→ **ASSIGNED TASK**
Among the entries below, only the lines starting at the one with "terre cuite) KADAX" and ending at the one with "BILLABONG(ビラボン)の「BILLABONG/ビラボン Tシャツ ワイドルーズシルエット", both included, are to be printed exactly.

══ SUPPLIED MATERIAL ══

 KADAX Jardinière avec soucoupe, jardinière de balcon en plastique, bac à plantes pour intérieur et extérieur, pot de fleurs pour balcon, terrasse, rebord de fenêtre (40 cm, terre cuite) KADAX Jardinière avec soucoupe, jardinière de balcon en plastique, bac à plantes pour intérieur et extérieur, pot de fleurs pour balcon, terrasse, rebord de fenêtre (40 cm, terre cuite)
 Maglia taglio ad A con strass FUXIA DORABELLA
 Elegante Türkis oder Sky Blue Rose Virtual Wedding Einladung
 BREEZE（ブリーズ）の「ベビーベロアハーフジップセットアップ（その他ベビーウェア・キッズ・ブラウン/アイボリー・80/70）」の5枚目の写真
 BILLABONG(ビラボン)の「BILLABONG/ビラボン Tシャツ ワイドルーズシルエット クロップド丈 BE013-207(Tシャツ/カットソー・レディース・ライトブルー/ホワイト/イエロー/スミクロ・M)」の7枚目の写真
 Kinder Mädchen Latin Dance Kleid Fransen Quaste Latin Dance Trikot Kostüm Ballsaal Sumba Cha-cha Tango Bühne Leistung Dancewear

═══
══ SUPPLIED MATERIAL ══

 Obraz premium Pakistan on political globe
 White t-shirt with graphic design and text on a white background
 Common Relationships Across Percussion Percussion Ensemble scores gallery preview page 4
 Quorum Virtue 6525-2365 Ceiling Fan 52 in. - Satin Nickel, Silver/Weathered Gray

═══

→ **EXERCISE OUTPUT**
 KADAX Jardinière avec soucoupe, jardinière de balcon en plastique, bac à plantes pour intérieur et extérieur, pot de fleurs pour balcon, terrasse, rebord de fenêtre (40 cm, terre cuite) KADAX Jardinière avec soucoupe, jardinière de balcon en plastique, bac à plantes pour intérieur et extérieur, pot de fleurs pour balcon, terrasse, rebord de fenêtre (40 cm, terre cuite)
 Maglia taglio ad A con strass FUXIA DORABELLA
 Elegante Türkis oder Sky Blue Rose Virtual Wedding Einladung
 BREEZE（ブリーズ）の「ベビーベロアハーフジップセットアップ（その他ベビーウェア・キッズ・ブラウン/アイボリー・80/70）」の5枚目の写真
 BILLABONG(ビラボン)の「BILLABONG/ビラボン Tシャツ ワイドルーズシルエット クロップド丈 BE013-207(Tシャツ/カットソー・レディース・ライトブルー/ホワイト/イエロー/スミクロ・M)」の7枚目の写真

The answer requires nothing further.